According to a New York Times article, Jim Shaw has “one of the oddest careers in post-Pop, post-Conceptual, latter-day Surrealist art.” His style can be described as “hallucinatory imagination.” Through his style, Shaw can create a fascinating view of the human soul, mind, and spirit of the nation, as shown on the left image. The art shown is from his famous “Thrift Store Paintings.” More of them can be found here.

What comes to mind when I look at such images? First, they are very abstract in a sense. The art is defined in that in shows no blurred lines and every line is bold and clear cut, but the meaning behind  the art must be accounted for by the viewer.

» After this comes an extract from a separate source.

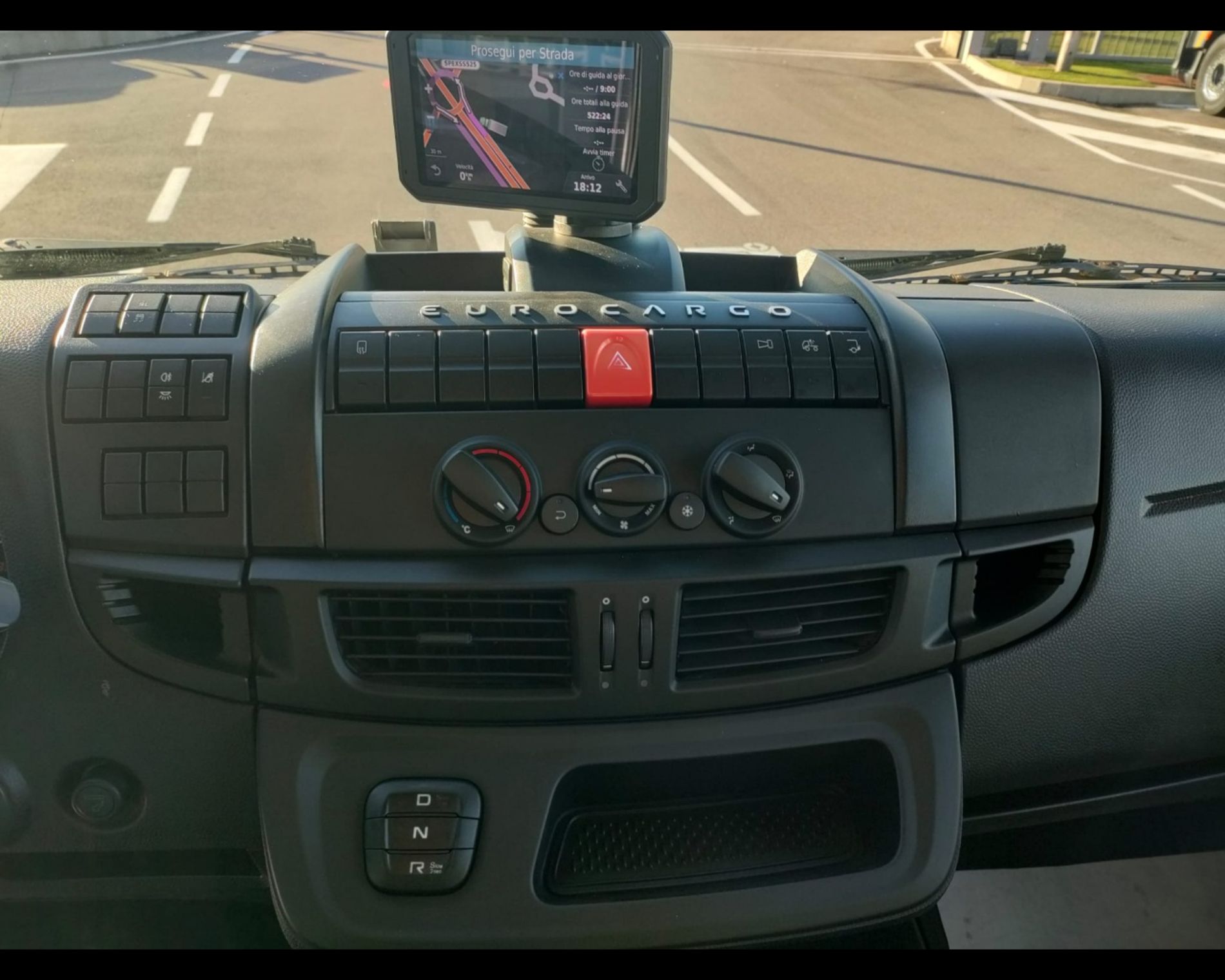 IVECO EUROCARGO 140E28P CELLA ISOTERMICA CON SPONDA RETRATTILE  - AUTO INDUSTRIALE BERGAMASCA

Let’s examine this one, for instance. The setting is calm, the characters in the art is extremely jubilant. I should mention that these characters in the painting seems to be from the lost city of Atlantis… 

 

One thing that stuck out to me is how none of them are wearing clothes. Is it because Jim Shaw views clothing as a burden to this “free world” the characters are in? The colors in the picture are especially warm and doesn’t harm the eye. There isn’t any especially bold colors like red or yellow. The mood of the sunset is shown from the fading brown into a light Sunkist orange. The skin tone of the characters are peachy in color, and looks very soothing to the eye.

 

In another article, Shaw is portrayed similarly. According to Jim Shaw, From Trash Bins and Swapshe is characterized as one who goes through “trash” and uses it to forge “prodigious body of work that melds his eccentric collections with his comic-Surrealist paintings.” He rejects the modern views that art is a keeper of the final truth. He instead believes art as a “human search for spiritual peace.” The New Museum’s associate director and director of exhibitions, Mr. Gioni believes that Shaw’s inspiration lies in the forms of visual culture at the time of disappearance. Indeed, the article asserts that he is what can be known as the underground artist’s underground artist in that “his career has prowled the vicinities of fringe churches, cults, dangerous political movements, visionary art scenes and failed philosophies. Notably, Jim Shaw is one of those artist who doesn’t believe in making art for the market. He has the true artistic freedom that some artists lacks.